Penjelasan lebih lanjut mengenai sebab-sebab sujud sahwi juga disebutkan dalam Hasyiyah al-Bujairimi:
وأسبابه خمسة ، أحدها ترك بعض .ثانيها : سهو ما يبطل عمده فقط…
“Sebab-sebab sujud sahwi ada lima. Salah satunya adalah meninggalkan sunnah ab’ad…” (Hasyiyah al-Bujairimi, Juz 4, hlm. 495)
Dari penjelasan tersebut, maka Qunut Subuh yang ditinggalkan secara tidak sengaja, alias apalagi lantaran tidak tahu hukumnya, tetap tidak membatalkan shalat. Namun, meninggalkannya menyebabkan kekurangan dalam kualitas ibadah tersebut.
Adapun jika seseorang secara sengaja meninggalkan Qunut Subuh, maka perihal itu tetap tidak membatalkan shalat, namun dia kehilangan sunnah muakkadah dalam ibadahnya. Jika dia meninggalkannya tanpa karena syar’i, maka dia berdosa lantaran menyepelekan bagian krusial dari tata langkah shalat.
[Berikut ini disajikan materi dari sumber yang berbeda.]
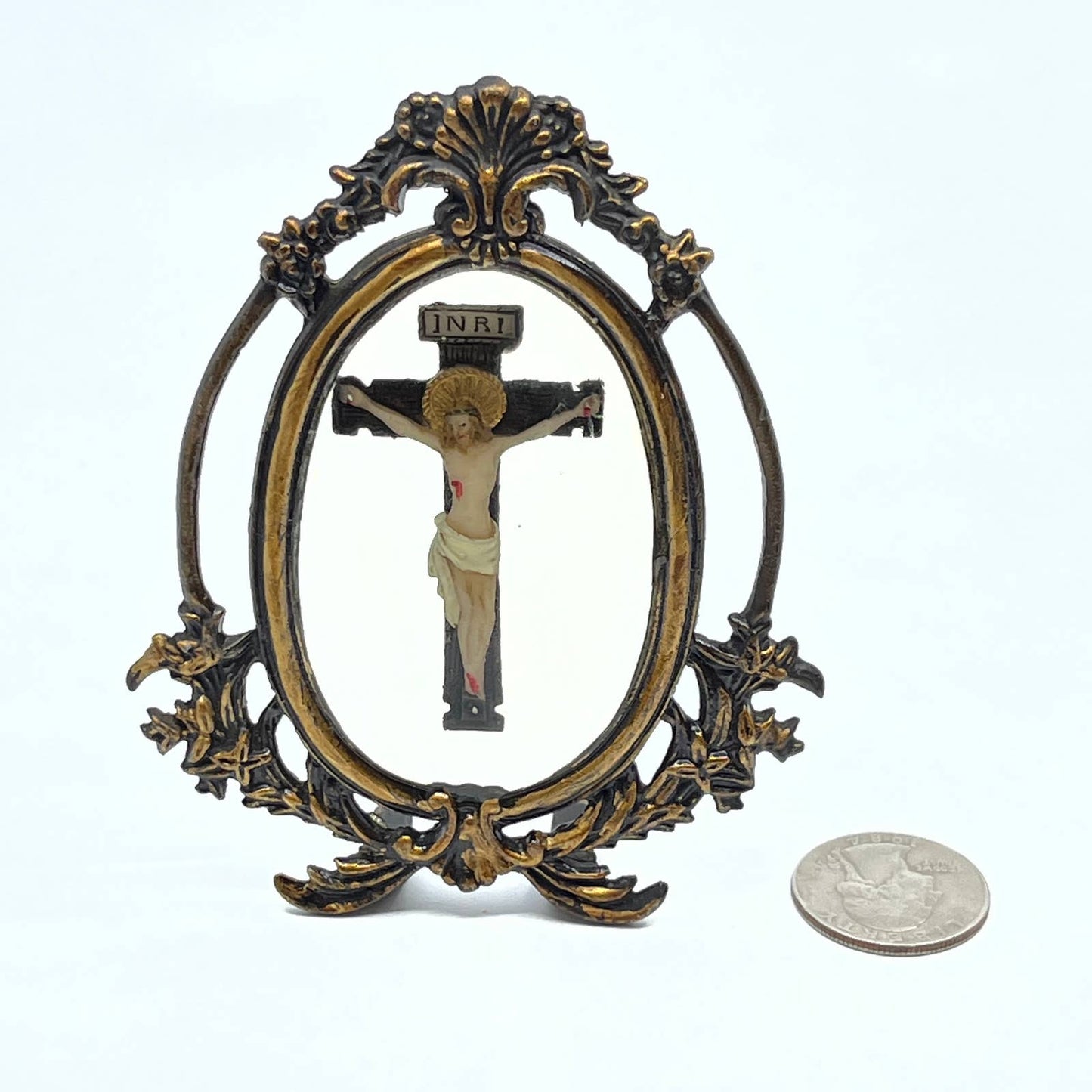 Vintage Baroque Christ On Cross Encased in Glass w/ Metal Frame Crucifix SD7-2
Syekh Abu Abdurrahman Rajab Nuri dalam Dalil al-Muhtaj fi Syarh al-Minhaj juga mempertegas bahwa sujud sahwi adalah sunnah muakkadah yang berfaedah menutup kekurangan shalat:
سجود السهو سنة مؤكدة ولو في نافلة ما عدا صلاة الجنازة وهو دافع لنقص الصلاة
“Sujud sahwi tergolong sunnah muakkad, apalagi dalam shalat sunnah, selain shalat jenazah. Sujud sahwi ini berfaedah mencegah kekurangan dalam shalat.”
(Dalil al-Muhtaj, Juz 1, hlm. 129)
Dalam praktiknya, sujud sahwi dilakukan dua kali setelah tasyahud akhir dan sebelum salam. Ini adalah corak penyempurna ibadah atas sesuatu yang kurang alias keliru lantaran lupa. Maka, dalam konteks tidak membaca Qunut Subuh, sujud sahwi menjadi rekomendasi kuat, bukan kewajiban.
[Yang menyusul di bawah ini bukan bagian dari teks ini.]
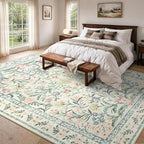 Wonnitar Large Rugs for Living Room, Soft Washable Floral 9x12 Area Rug for - Image 3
Perlu juga ditekankan bahwa bagi pemimpin shalat yang meninggalkan Qunut, makmum tidak perlu membatalkan shalat alias mengulangnya. Cukup mengikuti imam, dan jika pemimpin sujud sahwi, makmum pun mengikutinya. Jika tidak, maka tidak berdosa.
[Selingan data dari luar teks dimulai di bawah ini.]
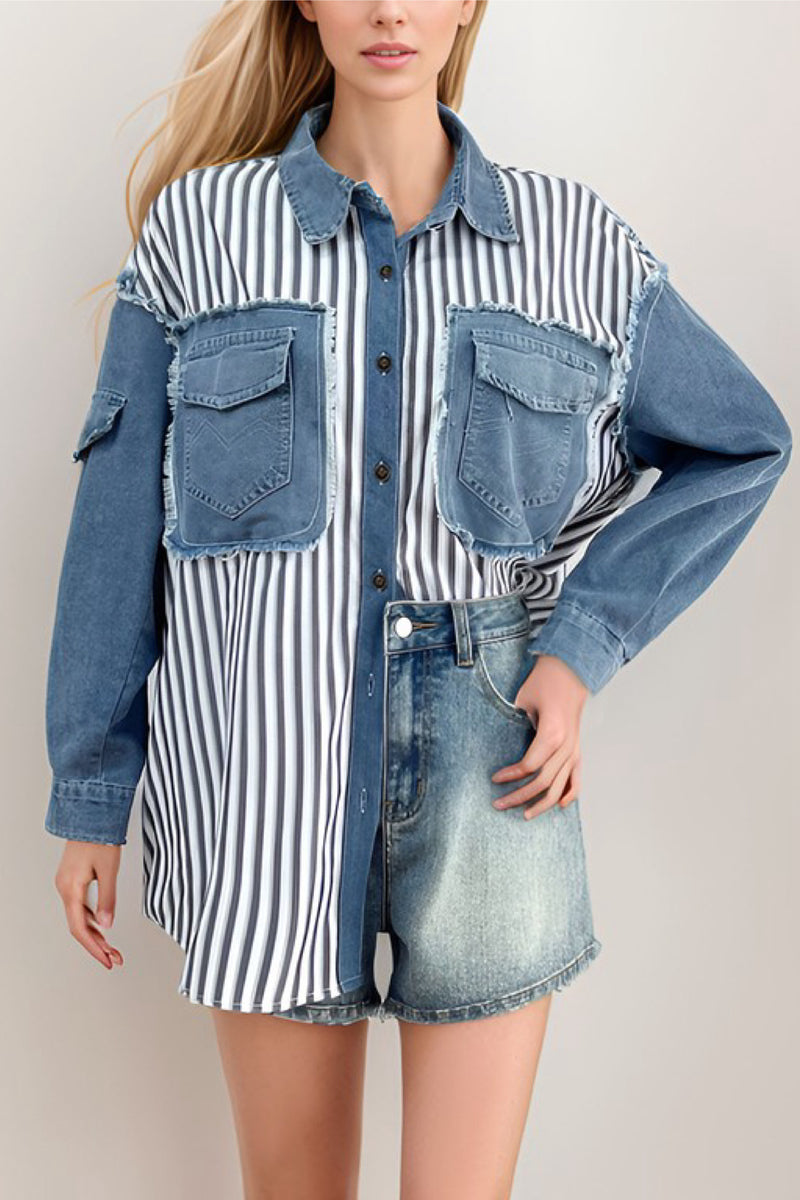 DENIM CONTRAST STRIPED TOP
Kesimpulannya, norma tidak membaca Qunut Subuh lantaran lupa tidak membatalkan shalat, dan tidak mewajibkan sujud sahwi, namun disunnahkan sebagai corak kehati-hatian dan penyempurna ibadah.
Sikap ini mencerminkan ruh fiqh Ahlussunnah wal Jama’ah yang moderat, toleran, dan tidak terburu-buru dalam membid’ahkan alias menyalahkan praktik ibadah orang lain.